**DATA TO PROCESS:**

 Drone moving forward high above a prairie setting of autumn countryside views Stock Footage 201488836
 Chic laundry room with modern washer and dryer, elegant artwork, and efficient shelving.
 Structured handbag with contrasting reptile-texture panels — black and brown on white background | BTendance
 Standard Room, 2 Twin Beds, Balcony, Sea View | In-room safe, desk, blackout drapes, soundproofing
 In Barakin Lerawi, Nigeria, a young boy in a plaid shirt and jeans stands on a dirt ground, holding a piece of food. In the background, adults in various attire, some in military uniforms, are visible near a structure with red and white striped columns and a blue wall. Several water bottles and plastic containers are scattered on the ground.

--

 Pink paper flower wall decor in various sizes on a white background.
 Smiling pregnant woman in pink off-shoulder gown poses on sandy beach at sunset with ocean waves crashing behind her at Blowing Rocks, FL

* * *

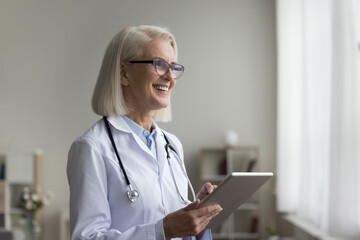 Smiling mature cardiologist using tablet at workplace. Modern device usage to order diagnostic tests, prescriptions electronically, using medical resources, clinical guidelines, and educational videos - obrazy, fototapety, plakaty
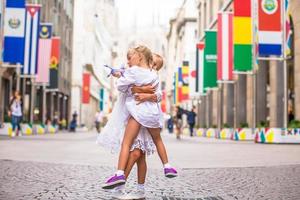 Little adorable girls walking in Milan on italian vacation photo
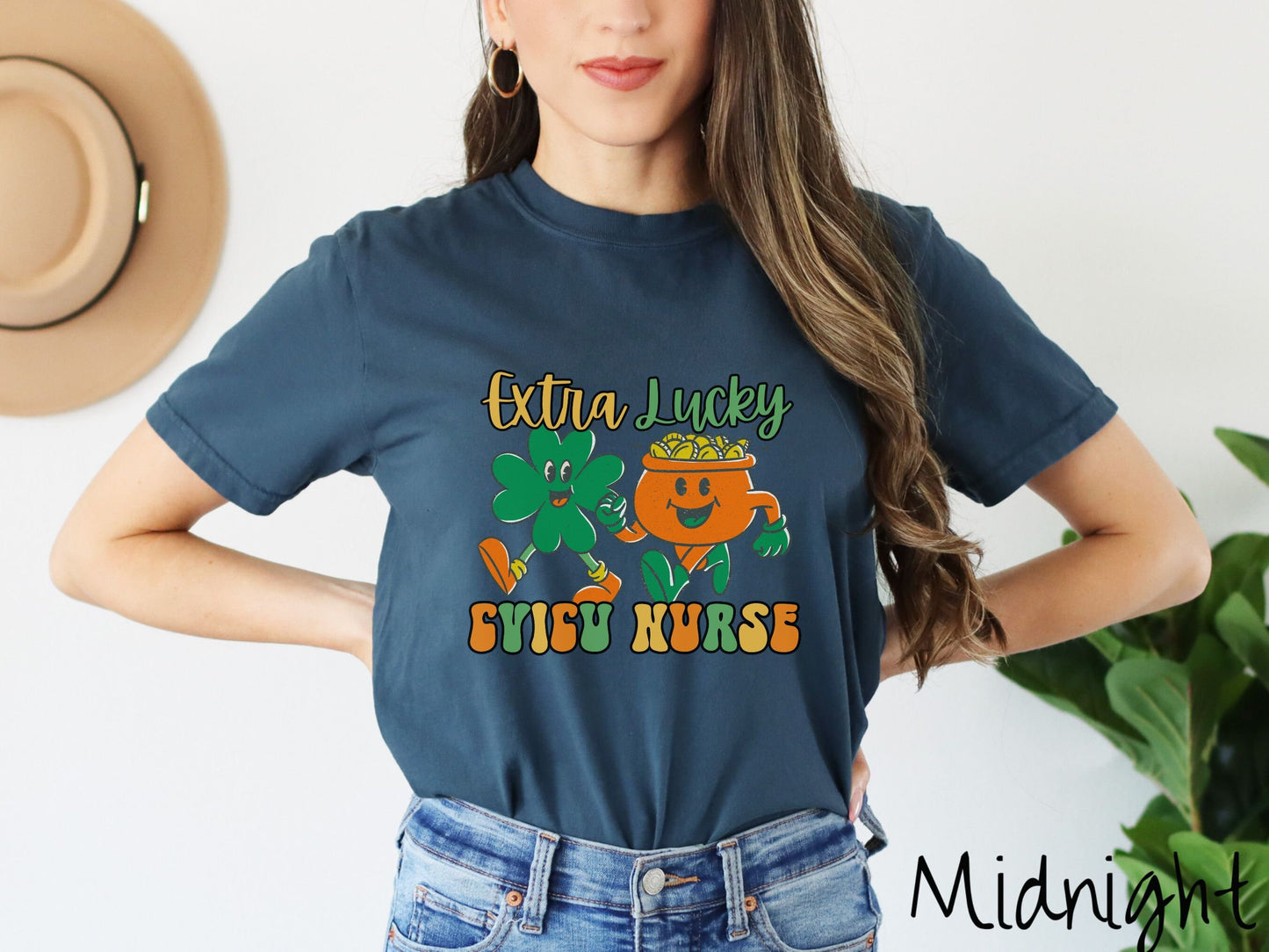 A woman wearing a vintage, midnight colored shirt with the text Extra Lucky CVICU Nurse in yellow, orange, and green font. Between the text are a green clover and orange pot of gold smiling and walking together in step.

**TASK OBJECTIVE:** Please give again the lines above between the line holding "Chic laundry room" and the line holding "In Barakin Lerawi, Nigeria, a", inclusive, exactly as they are and with nothing added.

**ANSWER AREA:**
 Chic laundry room with modern washer and dryer, elegant artwork, and efficient shelving.
 Structured handbag with contrasting reptile-texture panels — black and brown on white background | BTendance
 Standard Room, 2 Twin Beds, Balcony, Sea View | In-room safe, desk, blackout drapes, soundproofing
 In Barakin Lerawi, Nigeria, a young boy in a plaid shirt and jeans stands on a dirt ground, holding a piece of food. In the background, adults in various attire, some in military uniforms, are visible near a structure with red and white striped columns and a blue wall. Several water bottles and plastic containers are scattered on the ground.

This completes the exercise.